Made our first visit to Wisley of the year on Friday - having been deterred by the continuing closure of Fairoak Lane, a key element of our our normal route. Blog search claims that we had not been since last August, a long time indeed.
Started off in the café, the décor person of which had clearly been studying the form in the trendy places around the Tate Modern, with the contribution from Wisley being the addition of a lot of pot plants to the mix. Rock cake looked a bit dodgy, as if the mix had been a little too wet, but tasted fine. Tea rather strong.
Outside, it was the day of the hellebores, which were looking very well. All different colours, with variety provided by some large euphorbias, the flowers of which were not that unlike those of the helebores, the petals of both being rather leaf like, with tendencies towards green. There were also some cyclamen, daffodils and other spring bulbs, but not in full flood. Also some full on red camelias.
A notice at the entrance had warned us that much of the big hot house would be shut, but in practice most of it was open. The star attraction of the day was a display of trial plantings of hippeastrums, very showy flowers indeed, although they did not photograph particularly well. A sign explained that many people got into a muddle between amaryllis and hippeastrum, calling specimens of the latter the former. Wikipedia explains that the former are South African while the latter are South American and that it is the latter which are widely grown as the winter flowering house plants wrongly called amaryllis. Otherwise, reminded once again of the extraordinary profusion of the world of plants.
There were also a few flashy butterflies left over from their exhibition. One of which had very striking electric blue patches on the upper surface of its wings. Producing the blue was clearly too much of a strain on the metabolism of this small animal to make it blue all over.

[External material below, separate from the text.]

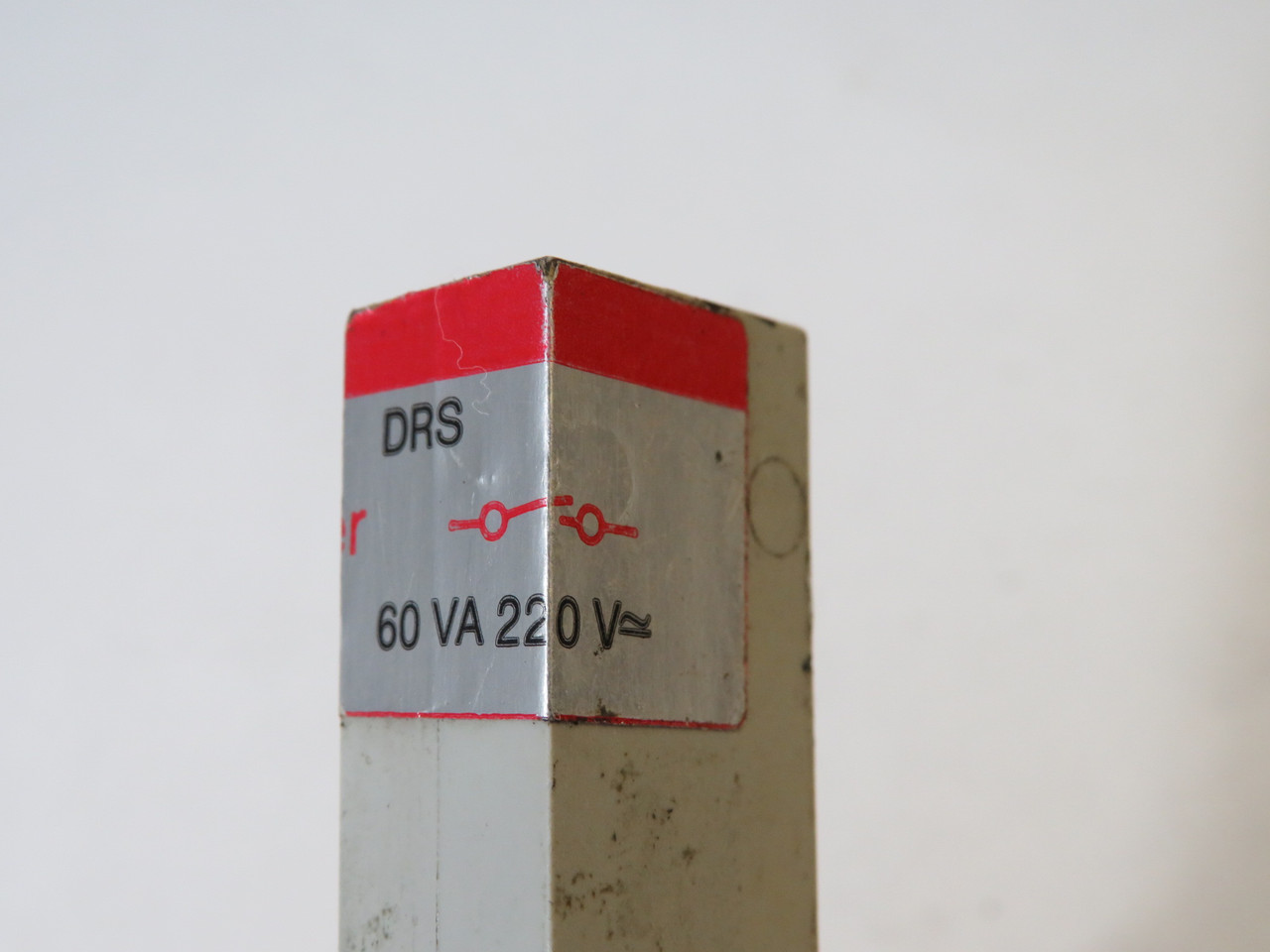 Kubler DRS Magnetic Proximity Switch 220VAC/DC 60VA 12" L MISSING NUT USED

The two alpine houses were doing well, as usual, with the saxifrages and primulas earning an honourable mention. We were also reminded that the rock was tufa from Wales - not an area I associate with volcanoes at all. I consult wikipedia this morning to find that one sort of tufa is an odd sort of limestone (a relation of the travertine sometimes used by Henry Moore) but another is indeed volcanic. On balance I go with limestone, with UEA talking of 'deposits [in Wales] thought to represent carbonate precipitation during the late-glacial interstadial'. What sort the tufo of greco di tufo, of which I am fond, Italian despite appearances?